Tuesday, June 20, 2006

Happy Dads?

Do children really make us happy? Or do we just tell ourselves that they do?

"Rubbish!" you're probably thinking.

Check out Daniel Gilbert's thought-provoking essay in this week's TIME magazine.

I did some digging on the matter, and only 34% of American adults say they're very happy, according to a recent survey conducted by the Pew Research Center. Fifty-one percent say they're pretty happy and 15% say they aren't too happy.

Among the things driving happiness are marriage, religious practice, money and sunshine. What's most compelling, though, are some of the other findings. People who have pets are not happier than those without. Retired men and women are not happier than those in the working world. And, shockingly, people who have children are no happier than those who don't.

Wait a minute. How can that be? Children bring so much joy, so what gives?

Taking a step back, I think that Mr. Gilbert makes a good point that the ongoing process of parenting, the added responsibilities and stress of rapid-fire decision-making -- the feeding and caring and nurturing and teaching and laundry and cleaning up, etc. -- are not things that most people view as sources of joy. I am not happy when I am folding laundry. I am not overjoyed to clean up all the toys on the floor. In fact, most times, I am annoyed...momentarily "unhappy." But, as Mr. Gilbert wisely notes, we tend to be able to rationalize these minor annoyances as the "cover charge" for the small rewards, like an unexpected kiss and "I love you" from a toddler.

But I question whether it's children that don't make us happy, or whether it's the act of parenting that rains on our parade. My children don't make me unhappy. But most of the "chores" that go along with parenting do. And typically, those same "chores" can be what drive mother and father, husband and wife, to be at odds with one another.

So, I found some more information and some good thoughts on how to maintain balance and stabilize happiness, or at least minimize deep unhappiness, summarized as:

1. Parents who live happy and fulfilling lives do more good for their children
2. Having a life outside of kids is okay, good even, to maintain happiness
3. No parent is perfect, so stop trying to be.
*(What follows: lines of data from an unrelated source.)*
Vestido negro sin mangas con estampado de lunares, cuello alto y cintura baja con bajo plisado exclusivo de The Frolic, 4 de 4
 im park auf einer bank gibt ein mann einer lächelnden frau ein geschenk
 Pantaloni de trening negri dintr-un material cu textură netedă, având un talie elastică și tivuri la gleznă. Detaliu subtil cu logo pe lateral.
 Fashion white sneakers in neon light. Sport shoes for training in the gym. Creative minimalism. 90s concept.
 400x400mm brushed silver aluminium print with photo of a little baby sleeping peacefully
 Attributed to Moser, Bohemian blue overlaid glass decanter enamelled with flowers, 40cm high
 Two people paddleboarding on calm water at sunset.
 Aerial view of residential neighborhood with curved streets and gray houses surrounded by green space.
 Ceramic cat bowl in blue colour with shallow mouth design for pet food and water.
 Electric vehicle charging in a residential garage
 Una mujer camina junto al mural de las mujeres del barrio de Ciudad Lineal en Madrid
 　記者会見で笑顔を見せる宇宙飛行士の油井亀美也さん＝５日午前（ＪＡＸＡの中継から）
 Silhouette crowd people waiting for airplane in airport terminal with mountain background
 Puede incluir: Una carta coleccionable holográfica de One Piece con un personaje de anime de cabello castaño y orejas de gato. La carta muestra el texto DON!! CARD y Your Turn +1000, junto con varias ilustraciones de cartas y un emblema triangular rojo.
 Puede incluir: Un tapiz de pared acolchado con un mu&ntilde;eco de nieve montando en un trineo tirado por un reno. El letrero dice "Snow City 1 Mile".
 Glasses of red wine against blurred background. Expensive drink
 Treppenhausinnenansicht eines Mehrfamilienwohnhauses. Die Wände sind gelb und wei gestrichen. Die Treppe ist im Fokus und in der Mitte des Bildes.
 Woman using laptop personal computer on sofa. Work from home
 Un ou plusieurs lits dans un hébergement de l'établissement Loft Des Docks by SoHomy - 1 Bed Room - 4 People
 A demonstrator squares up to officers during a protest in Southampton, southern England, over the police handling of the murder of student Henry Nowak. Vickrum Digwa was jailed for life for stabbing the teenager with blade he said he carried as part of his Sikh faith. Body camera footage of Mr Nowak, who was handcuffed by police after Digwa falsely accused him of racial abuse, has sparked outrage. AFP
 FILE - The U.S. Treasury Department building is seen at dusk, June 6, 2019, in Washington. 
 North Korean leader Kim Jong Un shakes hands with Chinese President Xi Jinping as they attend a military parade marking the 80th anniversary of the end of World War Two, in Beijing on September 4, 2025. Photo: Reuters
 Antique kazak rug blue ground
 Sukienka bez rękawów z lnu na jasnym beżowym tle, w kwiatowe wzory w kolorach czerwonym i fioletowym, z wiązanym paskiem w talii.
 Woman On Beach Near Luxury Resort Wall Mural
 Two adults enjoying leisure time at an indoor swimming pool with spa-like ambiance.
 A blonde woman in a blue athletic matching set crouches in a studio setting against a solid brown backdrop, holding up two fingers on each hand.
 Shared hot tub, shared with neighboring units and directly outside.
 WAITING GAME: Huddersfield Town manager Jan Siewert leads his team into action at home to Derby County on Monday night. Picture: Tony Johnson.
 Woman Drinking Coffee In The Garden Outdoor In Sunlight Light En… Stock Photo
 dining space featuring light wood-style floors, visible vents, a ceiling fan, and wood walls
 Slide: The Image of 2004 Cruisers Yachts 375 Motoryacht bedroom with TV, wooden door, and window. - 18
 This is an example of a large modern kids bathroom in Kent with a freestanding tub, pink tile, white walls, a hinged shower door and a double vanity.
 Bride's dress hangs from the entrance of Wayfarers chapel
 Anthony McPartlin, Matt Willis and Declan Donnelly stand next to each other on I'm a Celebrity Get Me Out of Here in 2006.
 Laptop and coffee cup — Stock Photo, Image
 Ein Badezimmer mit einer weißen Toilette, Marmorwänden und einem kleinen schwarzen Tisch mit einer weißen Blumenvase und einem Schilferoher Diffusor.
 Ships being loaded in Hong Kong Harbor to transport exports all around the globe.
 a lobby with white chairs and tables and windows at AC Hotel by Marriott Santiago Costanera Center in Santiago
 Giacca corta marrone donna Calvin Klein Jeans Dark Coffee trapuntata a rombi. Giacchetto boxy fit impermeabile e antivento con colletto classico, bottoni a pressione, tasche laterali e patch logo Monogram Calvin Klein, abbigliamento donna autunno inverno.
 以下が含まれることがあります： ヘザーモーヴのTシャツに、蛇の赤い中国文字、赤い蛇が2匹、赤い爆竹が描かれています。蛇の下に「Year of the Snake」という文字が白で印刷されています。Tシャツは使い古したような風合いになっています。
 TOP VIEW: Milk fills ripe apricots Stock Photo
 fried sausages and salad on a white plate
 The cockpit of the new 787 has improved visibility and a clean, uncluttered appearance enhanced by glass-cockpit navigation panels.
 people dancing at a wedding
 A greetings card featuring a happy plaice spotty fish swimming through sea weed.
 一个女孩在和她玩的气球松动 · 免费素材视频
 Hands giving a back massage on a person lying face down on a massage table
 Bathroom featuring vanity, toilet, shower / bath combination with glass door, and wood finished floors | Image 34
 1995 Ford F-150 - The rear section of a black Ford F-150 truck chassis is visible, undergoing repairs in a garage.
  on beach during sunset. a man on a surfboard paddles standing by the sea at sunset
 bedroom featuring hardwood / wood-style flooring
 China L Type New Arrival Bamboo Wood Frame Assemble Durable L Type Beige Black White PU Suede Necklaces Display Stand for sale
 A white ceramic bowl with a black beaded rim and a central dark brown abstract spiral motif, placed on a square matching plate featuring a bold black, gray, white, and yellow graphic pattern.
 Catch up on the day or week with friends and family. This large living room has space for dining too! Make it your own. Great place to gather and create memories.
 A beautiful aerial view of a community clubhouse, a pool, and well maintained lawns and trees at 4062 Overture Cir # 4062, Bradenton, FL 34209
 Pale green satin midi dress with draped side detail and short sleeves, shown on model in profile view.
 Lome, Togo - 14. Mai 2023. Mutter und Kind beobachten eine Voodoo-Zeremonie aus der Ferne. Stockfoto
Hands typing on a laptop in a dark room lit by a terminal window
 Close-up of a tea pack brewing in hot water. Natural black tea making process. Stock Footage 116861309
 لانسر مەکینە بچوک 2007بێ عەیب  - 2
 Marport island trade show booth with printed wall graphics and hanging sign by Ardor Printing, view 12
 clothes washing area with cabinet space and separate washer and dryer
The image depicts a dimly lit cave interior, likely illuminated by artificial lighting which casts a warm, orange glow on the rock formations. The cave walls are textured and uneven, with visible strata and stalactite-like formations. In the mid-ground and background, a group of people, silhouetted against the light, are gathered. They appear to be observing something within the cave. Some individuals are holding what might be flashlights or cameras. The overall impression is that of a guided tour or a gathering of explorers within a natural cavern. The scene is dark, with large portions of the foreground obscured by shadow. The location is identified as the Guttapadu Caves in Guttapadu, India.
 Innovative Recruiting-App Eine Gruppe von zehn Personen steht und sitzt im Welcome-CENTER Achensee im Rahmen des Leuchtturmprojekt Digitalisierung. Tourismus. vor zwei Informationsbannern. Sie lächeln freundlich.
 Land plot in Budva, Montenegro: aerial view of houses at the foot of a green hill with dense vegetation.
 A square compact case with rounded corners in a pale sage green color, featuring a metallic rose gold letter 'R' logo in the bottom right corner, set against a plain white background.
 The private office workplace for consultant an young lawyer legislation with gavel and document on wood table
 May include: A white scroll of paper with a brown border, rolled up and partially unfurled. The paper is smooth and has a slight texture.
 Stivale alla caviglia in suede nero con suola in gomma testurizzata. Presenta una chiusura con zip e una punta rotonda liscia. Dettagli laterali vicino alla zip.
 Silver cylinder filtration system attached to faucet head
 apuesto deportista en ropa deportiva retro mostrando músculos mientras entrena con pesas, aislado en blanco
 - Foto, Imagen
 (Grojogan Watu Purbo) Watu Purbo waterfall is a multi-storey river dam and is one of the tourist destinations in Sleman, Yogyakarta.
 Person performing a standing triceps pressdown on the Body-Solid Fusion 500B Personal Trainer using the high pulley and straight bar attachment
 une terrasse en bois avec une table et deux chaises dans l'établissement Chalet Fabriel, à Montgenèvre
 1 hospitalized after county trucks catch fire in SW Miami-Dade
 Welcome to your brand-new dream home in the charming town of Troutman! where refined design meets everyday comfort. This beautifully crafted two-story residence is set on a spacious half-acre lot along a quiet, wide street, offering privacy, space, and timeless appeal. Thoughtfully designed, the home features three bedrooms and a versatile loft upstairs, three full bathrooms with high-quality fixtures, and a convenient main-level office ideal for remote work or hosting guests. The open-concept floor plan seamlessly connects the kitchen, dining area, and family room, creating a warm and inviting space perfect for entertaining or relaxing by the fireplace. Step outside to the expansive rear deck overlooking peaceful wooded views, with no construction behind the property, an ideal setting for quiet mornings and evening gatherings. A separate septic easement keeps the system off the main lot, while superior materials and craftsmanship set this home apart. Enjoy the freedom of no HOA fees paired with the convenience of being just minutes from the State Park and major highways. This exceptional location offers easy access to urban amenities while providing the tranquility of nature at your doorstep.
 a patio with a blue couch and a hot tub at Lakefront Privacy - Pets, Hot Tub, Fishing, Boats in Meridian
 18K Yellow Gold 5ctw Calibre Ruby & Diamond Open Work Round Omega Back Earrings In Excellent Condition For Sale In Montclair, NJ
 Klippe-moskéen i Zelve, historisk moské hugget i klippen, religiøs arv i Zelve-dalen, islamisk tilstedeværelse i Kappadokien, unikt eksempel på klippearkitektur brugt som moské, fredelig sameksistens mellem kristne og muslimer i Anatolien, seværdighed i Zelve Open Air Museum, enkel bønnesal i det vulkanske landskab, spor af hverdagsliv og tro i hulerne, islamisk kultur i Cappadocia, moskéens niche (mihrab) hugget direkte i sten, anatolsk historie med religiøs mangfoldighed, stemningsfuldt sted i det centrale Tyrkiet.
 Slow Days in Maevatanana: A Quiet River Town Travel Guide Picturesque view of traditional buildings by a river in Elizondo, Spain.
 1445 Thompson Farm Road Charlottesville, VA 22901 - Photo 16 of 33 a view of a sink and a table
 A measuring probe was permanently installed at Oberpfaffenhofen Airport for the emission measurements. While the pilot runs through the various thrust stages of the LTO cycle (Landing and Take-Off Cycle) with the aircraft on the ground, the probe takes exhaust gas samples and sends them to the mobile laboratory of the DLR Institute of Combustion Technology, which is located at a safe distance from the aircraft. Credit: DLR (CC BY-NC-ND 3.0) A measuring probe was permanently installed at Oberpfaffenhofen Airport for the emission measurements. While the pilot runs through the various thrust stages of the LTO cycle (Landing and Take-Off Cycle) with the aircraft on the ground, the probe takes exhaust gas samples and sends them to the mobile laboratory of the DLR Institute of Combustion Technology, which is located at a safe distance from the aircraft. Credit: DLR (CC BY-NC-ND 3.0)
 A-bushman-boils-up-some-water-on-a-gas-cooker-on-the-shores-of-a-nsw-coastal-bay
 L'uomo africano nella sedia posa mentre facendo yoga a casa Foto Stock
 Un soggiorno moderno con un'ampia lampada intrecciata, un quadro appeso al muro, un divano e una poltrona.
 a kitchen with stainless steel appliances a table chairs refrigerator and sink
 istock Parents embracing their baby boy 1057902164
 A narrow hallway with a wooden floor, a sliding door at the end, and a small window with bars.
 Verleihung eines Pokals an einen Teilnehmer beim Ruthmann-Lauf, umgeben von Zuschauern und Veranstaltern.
Happiness can't thrive where anxiety and paranoia live
4. Have confidence in your ability to be a great parent

But so as not to run too far amok in fields of yellow flowers and sunshine days, I remind myself that too much of anything is almost always a bad thing. A balance of happiness and pragmatism can ground parents to provide children with stability, security and a sense of confidence for the future.

Insired by Daniel Gilbert on the topic, I found more of his thinking on the role happiness plays:

"Even in a technologically sophisticated society, some people retain the romantic notion that human unhappiness results from the loss of our primal innocence. I think that's nonsense. Every generation has the illusion that things were easier and better today than at any time in human history.

"Our primal innocence is what keeps us whacking each other over the head with sticks, and it is not what allows us to paint a Mona Lisa or design a space shuttle. It gives rise to obesity and global warming, not Miles Davis of the Magna Carta. If human kind flourishes rather than flounders over the next thousand years, it will be beause we embraced learning and reason, and not because we surrendered to some fantasy about returning to an ancient Eden that never really was."

And here I think can be found a link back to parents and children. A range of emotions is okay, in balance, to fulfill us as parents, as spouses, as individuals. Our children are the compass, sometimes the mirror, and most often the window to our possibilities and potential as human beings. Happiness, therefore, really can be found not just in our children, but, yes, in the very act of parenting.

Next time I fold underwear, I'll have to remember that a practical life -- with its chores, decisions and stress -- grounded by perspective, maintenance of some semblence of self other than "Dad" and particular attention to the unexpected moments our children randomly offer -- can be my kind of heaven.